**ACTION ITEM**.
Exact copies of the lines below, from the one with "ganbare_jim's tweet photo. D488" up to and including the one with "#WeLoveYouJimin https://t.co/3n3w6U5InW", are what this calls for; leave out pictures.

**MATERIAL FOR THIS EXERCISE**.
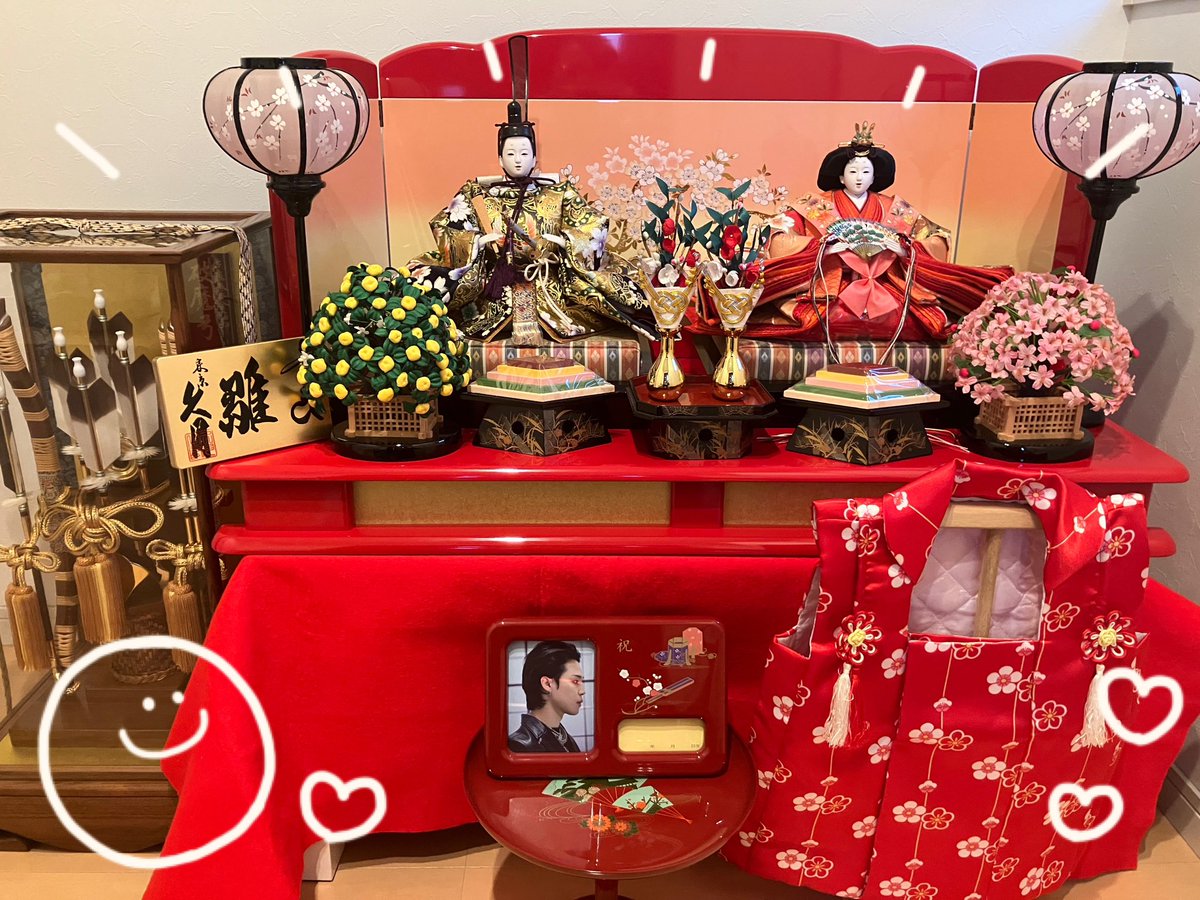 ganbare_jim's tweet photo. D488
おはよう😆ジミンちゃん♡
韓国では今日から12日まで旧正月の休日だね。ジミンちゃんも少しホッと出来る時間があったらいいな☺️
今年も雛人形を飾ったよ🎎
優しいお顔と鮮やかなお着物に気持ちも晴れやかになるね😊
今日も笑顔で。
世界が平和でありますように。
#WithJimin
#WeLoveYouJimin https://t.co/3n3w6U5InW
...
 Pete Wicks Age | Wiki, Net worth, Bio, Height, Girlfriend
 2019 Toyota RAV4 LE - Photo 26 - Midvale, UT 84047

**RESULT BELOW**.
 ganbare_jim's tweet photo. D488
おはよう😆ジミンちゃん♡
韓国では今日から12日まで旧正月の休日だね。ジミンちゃんも少しホッと出来る時間があったらいいな☺️
今年も雛人形を飾ったよ🎎
優しいお顔と鮮やかなお着物に気持ちも晴れやかになるね😊
今日も笑顔で。
世界が平和でありますように。
#WithJimin
#WeLoveYouJimin https://t.co/3n3w6U5InW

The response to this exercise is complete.